RealtyTrac stated that eligibility in the FHFA’s principal reduction program is limited to seriously underwater properties where the loan-to-value ratio is at least 125 percent. These properties need to be owner-occupied, actively in foreclosure and carrying an estimated loan amount no more than $250,000 on a loan that is guaranteed by Fannie Mae or Freddie Mac.
But out of the 6.7 million seriously underwater properties within the first quarter’s housing market, RealtyTrac estimated that only 33,622, 0.50 percent, meet the FHFA’s requirements. And, in any event, the number of seriously underwater properties during the first quarter fell by 638,000 from a year ago, thus giving the impression that the FHFA program is a solution that is lacking a significant crisis.

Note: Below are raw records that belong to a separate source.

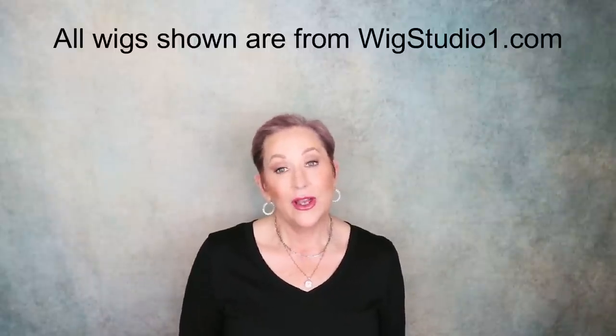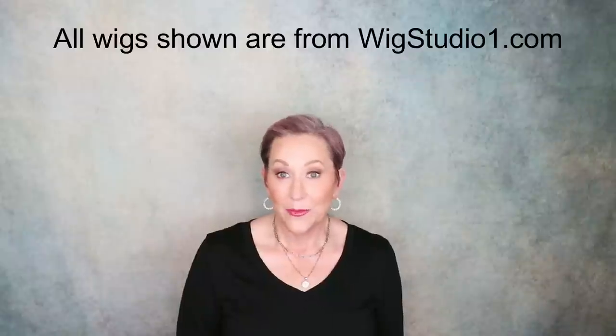Hey guys, welcome back to my channel. Today this is our little monthly series, The Wigs I Wore. So these are going to be a few of the wigs I wore in November. I can't wait to show them to you.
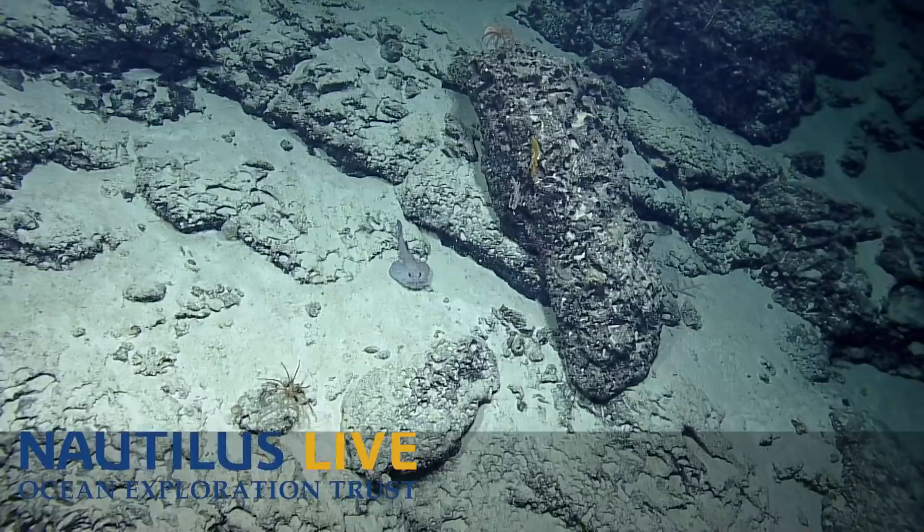Aww, look at his little face. We gotta go get a shot of that. Aww, I love it.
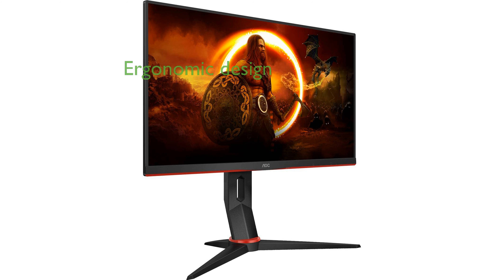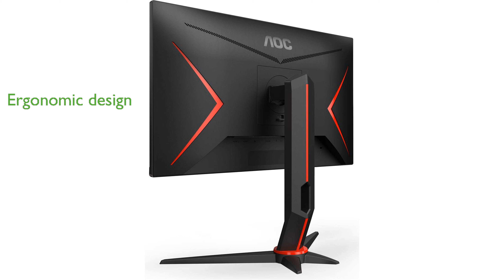The ergonomic design of the monitor includes a tilt function and VESA compatibility, offering flexibility and comfort for long gaming sessions. The monitor's three-sided frameless design not only looks sleek, but also allows for an expansive field of view, ideal for multi-monitor setups.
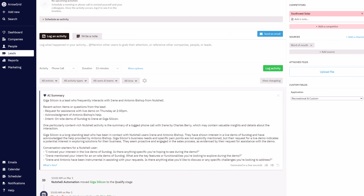Timeline summarization, so you can quickly see the most important information in a long people, company, and lead timeline, and work more efficiently on your relationships.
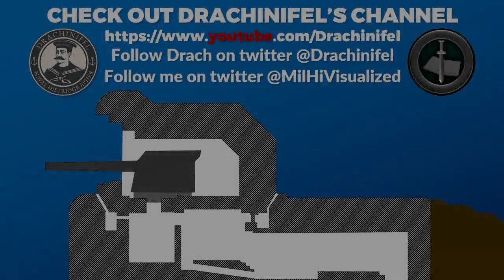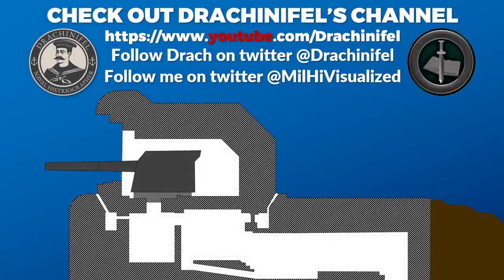Hello everyone, we have a special broadcast today with Drachy Niffel. Hello. He's the naval expert — if you don't know his channel yet, be sure to check it out. We will talk about the effectiveness of World War II coastal batteries. This is part of a bigger podcast, which you can find on his channel, which we will link in the description.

“This new principal reduction program is designed to reach a highly targeted group of borrowers, so it’s not surprising that the share of seriously underwater borrowers who potentially qualify is razor-thin,” said Daren Blomquist, senior vice president at RealtyTrac. “To make a more serious dent in the 6.7 million seriously underwater loans, the program would need to be open to homeowners who are not seriously delinquent—given that 98 percent of all seriously underwater loans are not actively in the foreclosure process—or open to investors—given that non-owner occupied properties account for 59 percent of all seriously underwater homes. But there may not be a strong fiscal or political case to help out those two categories of underwater homeowners, particularly in an election year.”